At the moment, the Tories are the clear alternative. Notwithstanding leader Patrick Brown’s mess dealing with the new sex-ed curriculum, the PCs captured a perennially safe Liberal seat in the Scarborough-Rouge River byelection, and I wouldn’t be shocked to see them win another traditionally safe Liberal seat in Ottawa-Vanier, when that riding's byelection is called.
The NDP is also entitled to feel that it’s on a bit of a roll. After campaigning hard to drop the harmonized sales tax on electricity bills and make power a little more affordable, the Liberal government adopted that policy in its recent speech from the throne. Then yesterday the government introduced the proposed All Families Are Equal Act, which would grant equal parental rights regardless of gender — something NDP MPP Cheri DiNovo has been championing for LGBTQ residents for years.
The NDP also has more experience in its leader’s office now, in the lead-up to the 2018 election. Shortly after their disappointing results in the last election, Andrea Horwath appointed Michael Balagus as her chief of staff — a role he once performed for former Manitoba Premier Gary Doer. Not to be snide, but like most New Democratic Party backroom types, Balagus has had his share of losses. However, unlike most NDP backroomers, he’s also had his share of victories. He’ll be the strategic brain behind the 2018 campaign, and it’ll be interesting to see how he changes tack from the much-maligned strategy of 2014. Last time out, the NDP campaign was criticized for its lack of vision, abandoning its historical left wing positioning on the political spectrum and offering, of all things, tax cuts for businesses — not a traditional NDP policy.

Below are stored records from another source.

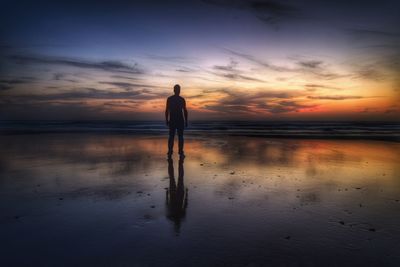 Silhouette man standing with reflection on shore at beach against sky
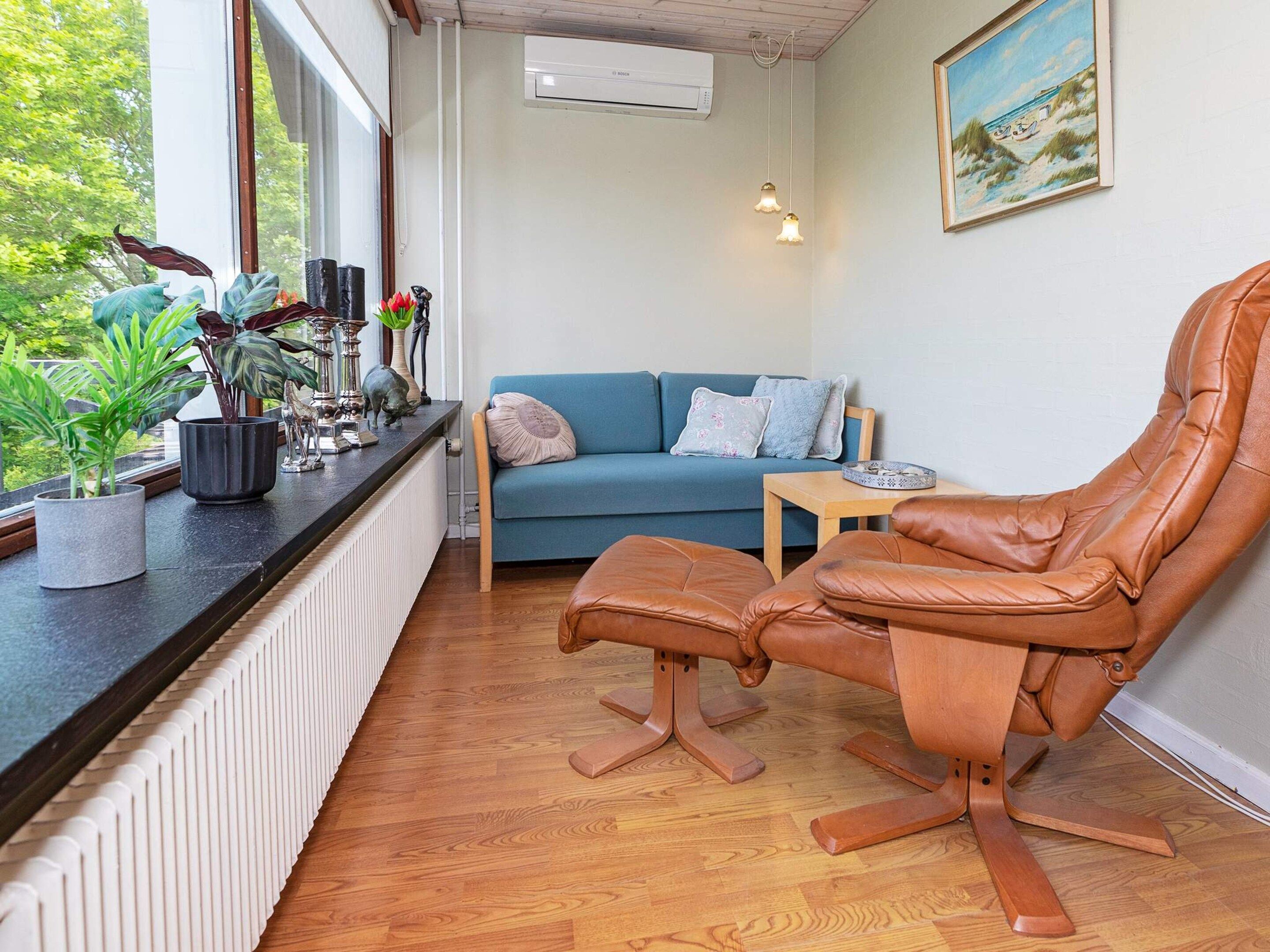 A room with a leather chair, a blue sofa, a small table, and a radiator.
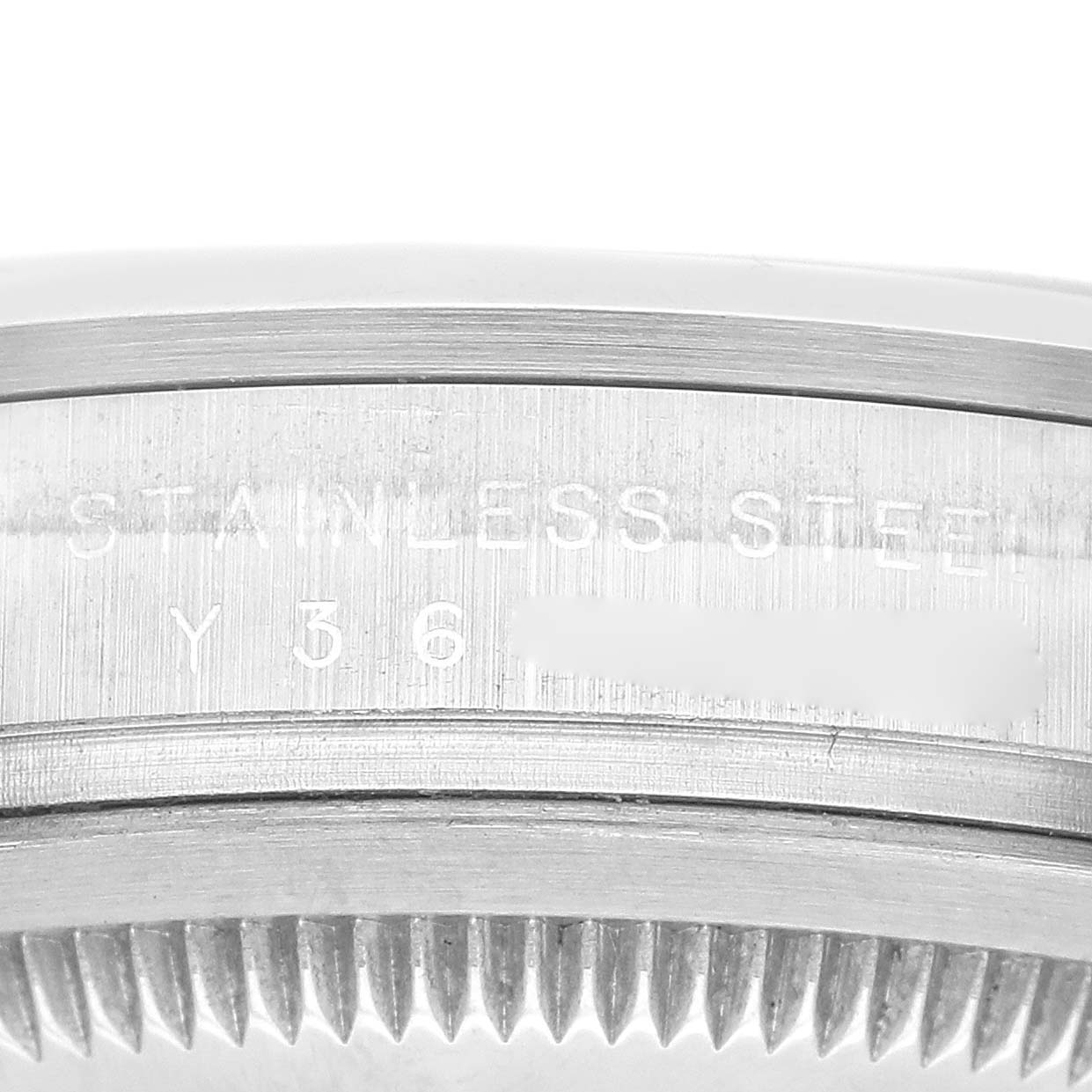 The image shows a close-up of the side of the case with engravings and the bezel teeth of the Rolex Explorer 114270 Men
s Stainless Steel Black Dial 114270 Men
s Stainless Steel Black Dial model.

One thing he’ll have going for him is a well-known, well-liked leader in Horwath, who has already led the party through two provincial campaigns.
That’s the upside of where the NDP is today.
The downside is the sad history that usually plays out among left-leaning voters. The party often starts out competitive with the Liberals, only to fade as the campaign progresses, and progressive voters choose the one party they hope can stop the “evil, ideological Conservatives.” That strategic vote almost always benefits the Grits, as it surely did in 2014, helping Kathleen Wynne win a majority government.
Come to think of it, even when the NDP has been in first place in the polls, as it was during last year’s federal election for a time, the Liberals still seem to be the default option for strategic voters determined to stop the Conservatives.
If the current NDP brain trust can’t figure out how to stop that seeming inevitability, the party faithful can only look forward to another third-place finish, and the satisfaction once again of being the conscience of the legislature.
But if the public has decided the Liberals are done, and the Tories aren’t that scary (or ready to govern with their 38-year-old leader), could the third time be the charm for Horwath?